Before: O'Connell, P.J., and White and Smolenski, JJ.
In this consolidated case, defendants appeal as of right from a circuit court order granting plaintiff's motion for summary disposition. Under MCR 7.215(I)(1), we are bound to follow the rule established in Oakland Co Treasurer v Title Office, Inc, 245 Mich. App. 196; 627 N.W.2d 317 (2001), and therefore must affirm the circuit court's order. However, if not for the effect of MCR 7.215(I)(1), we would reverse the circuit court's order and remand for entry of summary disposition in favor of defendants. Therefore, we request that the chief judge of this Court convene a special panel to address this issue, as provided in MCR 7.215(I)(3).
I. Factual and Procedural Background
Under the Michigan Freedom of Information Act (FOIA), MCL 15.231 et seq., plaintiff requested that each of the defendant county treasurers provide electronic copies of certain property tax records. The county treasurers agreed to provide plaintiff with the requested electronic copies, but notified plaintiff that it would be required to pay the statutorily mandated fee of twenty-five cents a record, pursuant to the transcripts and abstracts of records act (TARA), MCL 48.101. Plaintiff refused to pay the statutorily mandated fee, arguing that the FOIA required the county treasurers to provide the electronic copies for the "actual incremental cost" of reproducing the records. MCL 15.234(1). The county treasurers took the position that one of the exceptions to the FOIA cost provisions applied to plaintiff's request, and that plaintiff would have to pay the fees mandated by the TARA.
Plaintiff's requests apparently covered the entire property tax records of each county, over the span of several years.
Given the voluminous records requested by plaintiff, the statutorily mandated fee would amount to a substantial sum.

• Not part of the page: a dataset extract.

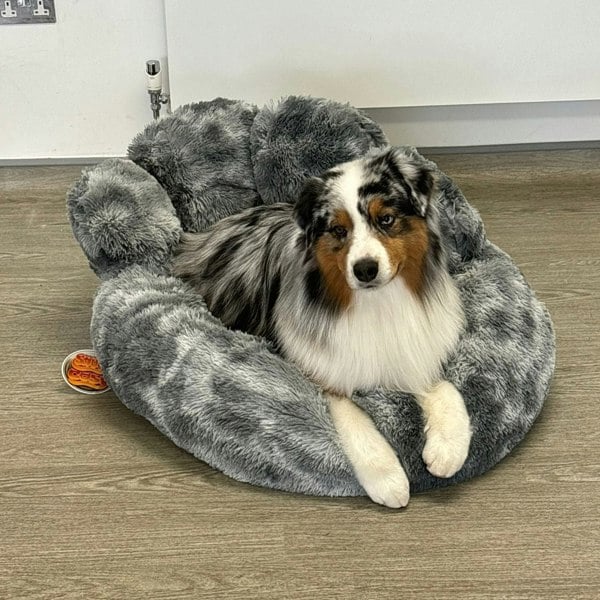 Snug and Cosy Pets Anxiety Relieving Calming Dog Bed Paw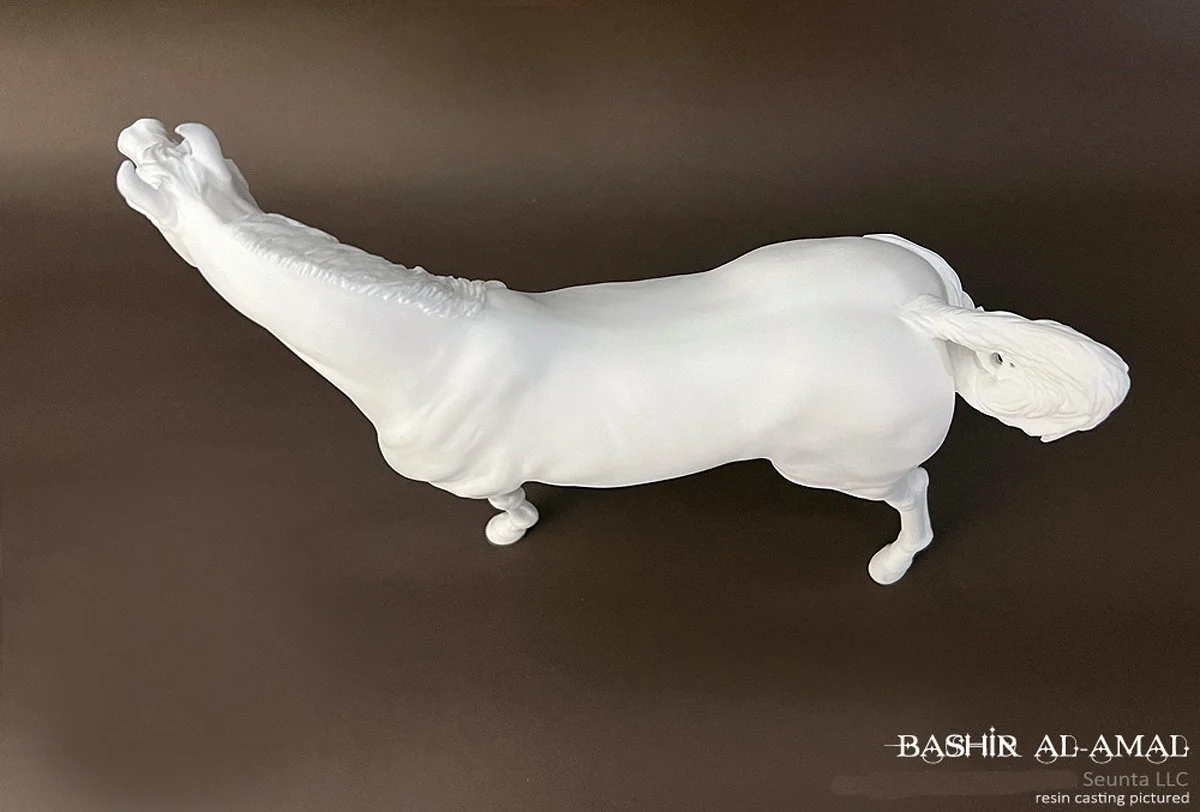 bashir-8.jpg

The Livingston County Treasurer stated, at the time plaintiff filed its request, that the statutory fee for reproduction of its records would amount to $63,750. Likewise, the fee would have reached $33,750 in Van Buren County, $17,332.25 in Allegan County, and $2,502.20 in Ionia County. However, the exact figures change as the counties continue to update their property tax records.
Plaintiff filed suit in the circuit court, seeking a mandamus order directing the county treasurers to provide plaintiff with electronic copies of the requested records. Plaintiff also sought an order prohibiting the county treasurers from charging plaintiff the statutory fee mandated by the TARA, and requiring the county treasurers to charge plaintiff only the "actual incremental cost" of reproducing the electronic copies. Subsequently, defendant Livingston County Treasurer filed a complaint requesting a declaratory judgment that the TARA governed the cost of reproducing the electronic records requested by plaintiff. Both cases were consolidated for decision in the circuit court. Plaintiff moved for summary disposition pursuant to MCR 2.116(C)(10), arguing that none of the FOIA's exceptions applied to its record request. The circuit court agreed, granted plaintiff's motion for summary disposition, and ordered the county treasurers to provide plaintiff with the requested records for no more than the "actual incremental cost" of reproduction. Defendants appeal as of right.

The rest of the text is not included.